Solution: numerically minimizing energy of charges constrained on the ellipsoid surface.
Assuming the ellipsoid satisfies equation:
the ratios of 3 axes of the ellipsoid surface are $(a,b,c)^T$. The minimization process is:
  1. let
    $$\mathbf{x}^\prime:=\frac{1}{\sqrt{\left(\frac{x}{a}\right)^2+\left(\frac{y}{b}\right)^2+\left(\frac{z}{c}\right)^2}}(x, y, z)^T$$
    then $\mathbf{x}^\prime$ satisfy the ellipsoid equation;
  2. minimize the energy function
    $$u=\sum_i \sum_{j>i} \frac{1}{\sqrt{(x^\prime_i-x^\prime_j)^2+(y^\prime_i-y^\prime_j)^2+(z^\prime_i-z^\prime_j)^2}}$$
  3. the gradient vector is, e.g. the $x$ component of ith particle:
    $$\partial u/\partial x_i=\sum_{j\ne i} - ((x^{\prime 2}_i/a^2-1)(x^\prime_j-x^\prime_i) +$$ $$(x^{\prime}_i y^{\prime}_i(y^{\prime}_j-y^{\prime}_i)+x^{\prime}_i z^{\prime}_i (z^{\prime}_j-z^{\prime}_i))/a^2)/d^3$$ with $d=\sqrt{(x^{\prime}_i -x^{\prime}_j)^2+(y^{\prime}_i -y^{\prime}_j)^2+(z^{\prime}_i -z^{\prime}_j)^2}$
    ***NOTE THE GRADIENT IS CALCULATED WITH RESPECT TO $\mathbf{x}$, $\nabla_\mathbf{x}U$, NOT $\mathbf{x}^\prime$, $\nabla_{\mathbf{x}^\prime}U$***
The scipy.optimize.minimize function takes jac=True parameter if the function provides gradient vector, this would boost up the program dramatically.

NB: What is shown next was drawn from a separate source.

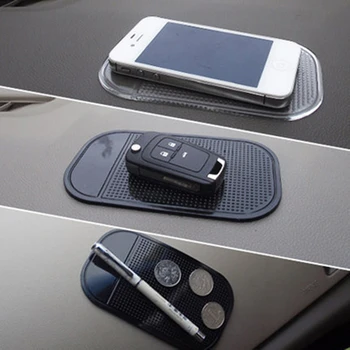 5kusů Automobily Interiérové Doplňky pro Mobilní Telefon Mp3mp4 Pad GPS Anti Slip Pronájem Lepkavé Anti-Slip Mat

Dealing with aggregates: I don't like tedious work

I used to study nanoparticles (NPs) self-assembly in polymer matrices before 2017 by coarse-grained simulation method. Analyzing morphologies of self-assemblies is a tedious work: one needs to repeatedly watch frames from simulation trajectories, finding appropriate view points, counting number of aggregates, measure size of aggregates, etc. Obtaining integrate aggregates under periodic boundary conditions is also a challenging work. In addition, one usually needs to run plenty of simulations under different conditions to find a desired morphology; selecting desired morphologies automatically is even more challenging: most of the morphologies are ill-defined, it is hard to use some common  characterization methods, e.g., $g(r)$ or $S(q)$ of NPs give little differences amongst percolated morphologies.
Based on such demands, I designed a co-pilot which can:
  1. Automatically clustering the clusters;
  2. Remove periodic boundary conditions and make the center-of-mass at $(0,0,0)^T$;
  3. Adjust the view vector along the minor axis of the aggregate;
  4. Classify the aggregate.
In step 1, firstly, I calculate the $g(r)$ of NP centers and find $r$ where $g(r)$ reaches its 1st valley, simultaneously, the distance matrix under periodic boundary condition. Using this distance matrix and $r$, a DBSCAN or HDBSCAN algorithm is performed to cluster NPs. In simulations, usually systems with very low loading of NPs are considered, DBSCAN is efficient enough; for some co-polymer self-assembly systems, a coarse-grained method is preferred: divide simulation box into grids and DBSCAN on the grids with density as weights, then perform DBSCAN on each coarse-grained clusters. DFS or BFS + Linked Cell List is also a good choice if particles are too many. All these struggles are due to that  kd-tree is not working under periodic boundary conditions.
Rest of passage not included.